「マーケターはお客さまの幸せを考える仕事。しかし、私にとっては一緒に働く仲間の幸せを考えるほうが納得感があったんです」
そう話すのは、2020年の夏、人材・組織開発や組織カルチャーの醸成を支援する企業Almoha LLCの共同創業者兼COO(最高執行責任者)となった唐澤俊輔さん。
2005年、日本マクドナルドにマーケターとして新卒入社した唐澤さんは、史上最年少(28歳)で同社のマーケティング部長になるなど、将来を担う社員として期待されていた。
しかし、30代になってからマーケターの肩書きを捨て、人事・組織開発の仕事へジョブチェンジ。今年8月には『カルチャーモデル 最高の組織文化のつくり方』を上梓するなど、組織開発の専門家として活躍している。
異なる仕事で結果を出すために、どんな経験を積んできたのか。学生時代から現在に至るまでの経緯を赤裸々に語ってもらった。
—— 唐澤さんは新卒で日本マクドナルドに入社しています。当時はどのような基準で、就職活動をしていたのでしょうか?
本音を話すと、最も重視していたのは「安定」だったと思います。大手メーカーやメガバンク、鉄道会社など、いわゆる大企業を中心に応募していました。
私は大学(慶應義塾大学)で法学部にいたので、当初は、弁護士など法律関係の仕事を目指していました。
その勉強中、法律家として事業の支援をするよりも、自分でより直接的に事業を成長させる仕事がしたいと思い、企業に就職する道を選んだのですが、親が公共インフラの仕事をしていたこともあってか、どこかに安定志向があったのでしょうね(苦笑)。

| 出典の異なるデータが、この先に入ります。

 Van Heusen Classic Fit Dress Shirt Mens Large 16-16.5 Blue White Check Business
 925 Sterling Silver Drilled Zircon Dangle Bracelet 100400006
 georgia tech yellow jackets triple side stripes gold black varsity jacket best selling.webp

一方で、職業選びについては、就活を始めてすぐ、マーケティング職に興味を抱きました。きっかけは、大学3年生の頃に参加した、花王のマーケティング部門でのインターンシップです。
ヘアケア製品『ASIENCE』担当のブランドマネージャーが、「社長に『いくら費用をかけてもいいから、絶対に失敗するな』と言われました。大きなプレッシャーの中でリリースした商品が、小売店で売上1位を獲得したと聞いた時は、思わず涙があふれました」と話していた姿に、心を打たれたんです。
「大人をこんなに本気にさせる仕事ってカッコいいな」と思いましたし、実際にマーケティングの仕事を体験してみても、自分にフィットする感覚がありました。
こうして「大企業」と「マーケティング職」の2つの軸から最終的に選んだ就職先が、日本マクドナルドでした。
—— 唐澤さんが就職活動をされていた2004年当時、日本マクドナルドは赤字でした。より「安定」していた大企業は、他にもあったのではないでしょうか?
おっしゃる通り、当時の日本マクドナルドは早期退職者を募った直後で、混沌としているようでした。
しかし裏を返せば、自分の努力次第で、早いうちから実践経験を積むことができます。確かに「日系大手=安定」のイメージはありましたが、高校生の時に山一證券が破綻するなど、その安定は絶対ではないと感じていました。
安定するにはむしろ、「企業の大きさ」よりも、どこでも働けるだけの実力を付ける「成長」こそが重要なのではないかと思うようになっていたのです。
また、日本マクドナルドは、当時にしては珍しく職種別採用をしていたので、今で言う“配属ガチャ”のリスクがありませんでした。マーケターとして、着実にスペシャリティを磨くことができるとも考えました。
最終的に、大手金融機関や外資コンサルティング会社の内定をお断りして日本マクドナルドに入社した時は、周囲から「もったいない」とあきれられたものの、「自分が選んだ道を正解にするしかない」と腹をくくって入社を決めました。